On the bright side, you keep bumping this thread, so more people will get to see what's (not) going on.


----------



## HDTiVo (Nov 27, 2002)

Aiken said:


> On the bright side, you keep bumping this thread, so more people will get to see what's (not) going on.


And what _not _ to do.

Bump.


----------



## TiVoPony (May 12, 2002)

George Cifranci said:


> Didn't Pony say he was at CEDIA this weekend?
> 
> http://www.cedia.net/


Yes, I've been at CEDIA since Wednesday.

I worked the show today, then got on a plane, and just walked in the door here at home.

Going through my email from today, I see that all orders which were placed by 9am Friday have been shipped.

There have been some operational issues this week, and the team has been working to fix them. As you're aware, our customer support folks didn't always have the latest info - that was a systems issue. It is my understanding that they still will not be able to confirm shipment of your order, it's just not appearing on their screen. But the orders through Friday 9am have shipped. Confirmation emails are also going out, with tracking information. Although it was expected that those emails would be able to go out yesterday, it was not possible. They're going out now.

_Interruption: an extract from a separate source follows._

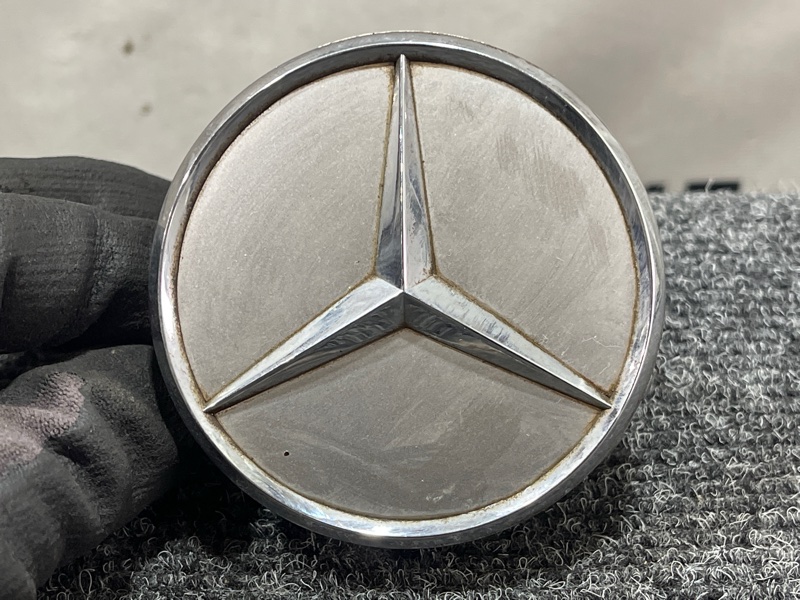 Колпачок диска Mercedes-Benz C-Class W205
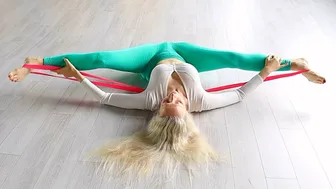 Yoga and Stretching Art — Splits Flow with Yoga Band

We understand that those of you who paid for expedited shipping expected to receive your unit on Friday. We apologize that that didn't happen, and as stated earlier, your shipping charges have be refunded. Everyone who ordered with standard ground shipping should be receiving their systems within the original 4-6 business days you were quoted.

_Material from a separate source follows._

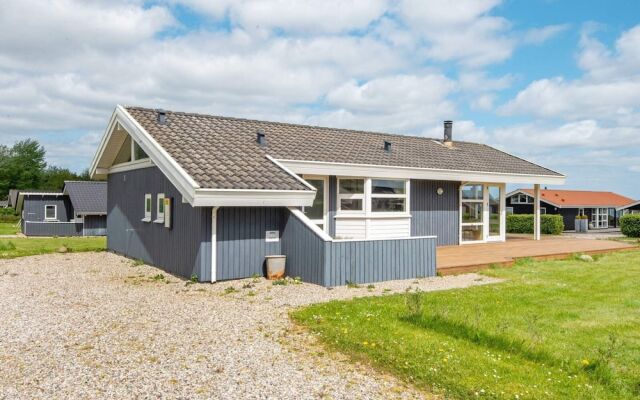 8 Person Holiday Home in Sjolund-by Traum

Although the team ran into some unexpected issues this week, most of these issues have been resolved, and they continue to work this weekend to get the latest information available to the support representatives.

There has been a wide range of reactions expressed this week on this topic. To those of you who are frustrated, I can only share with you that it appears as though good progress has been made, and you should receive your system soon. For those that chose to chalk it up to small things that happen in life, we appreciate your understanding. Neither side is right or wrong, but soon you'll be able to end that debate and focus on discussing your new, shiny Series3 recorders.

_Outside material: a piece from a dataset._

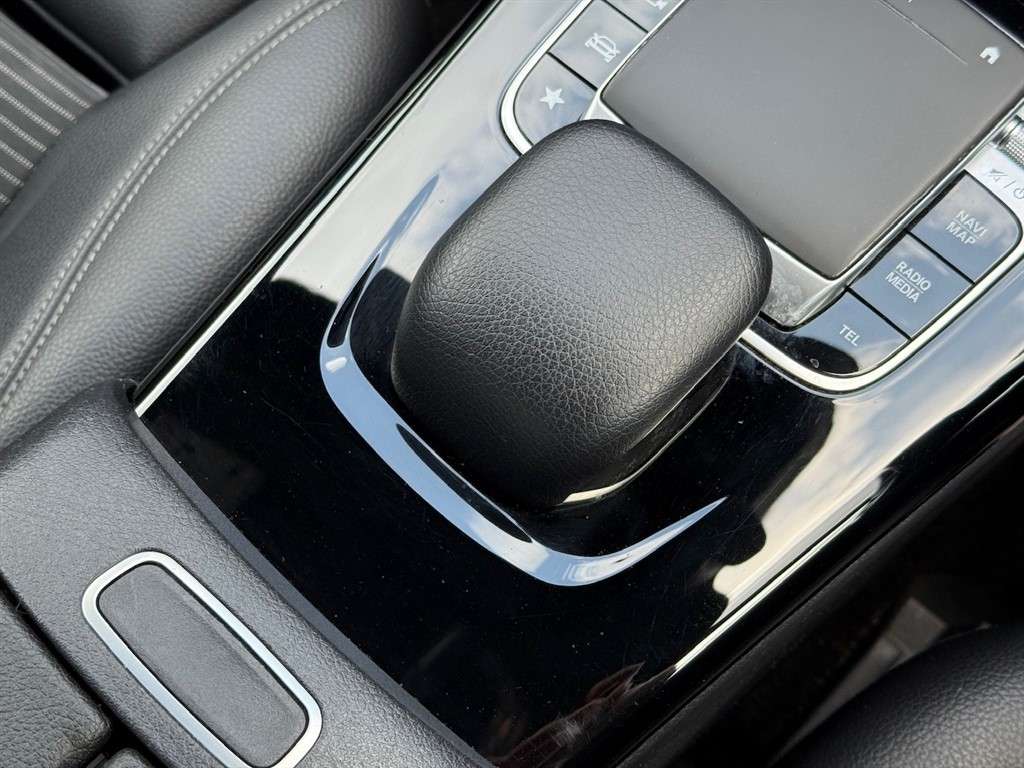 2018 MERCEDES A200 2018 MERCEDES A200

And now my family has just walked in the door, and I haven't seen them all week. I hope you understand if I turn off my laptop for a bit.

Cheers,
Pony


----------



## raober (Sep 10, 2006)

TiVoPony said:


> Yes, I've been at CEDIA since Wednesday.
> 
> I worked the show today, then got on a plane, and just walked in the door here at home.
> 
> ...


Bravo! And thank you. Yes, some of us got a little too irked (me among them). I'm relieved that the problems have been resolved. Some issues still remain, but I'm sure I'll be quite forgiving long about Tuesday. 

EDIT: Nah, no issues remain. I'm happy now.


----------



## shady (May 31, 2002)

Thanks for the update Pony.

Looking forward to playing with this new toy


----------



## Gregor (Feb 18, 2002)

Thanks for the update, I am really looking forward to being able to test drive this puppy on Monday


----------



## HDTiVo (Nov 27, 2002)

Thanks Pony for ruining another really good thread. 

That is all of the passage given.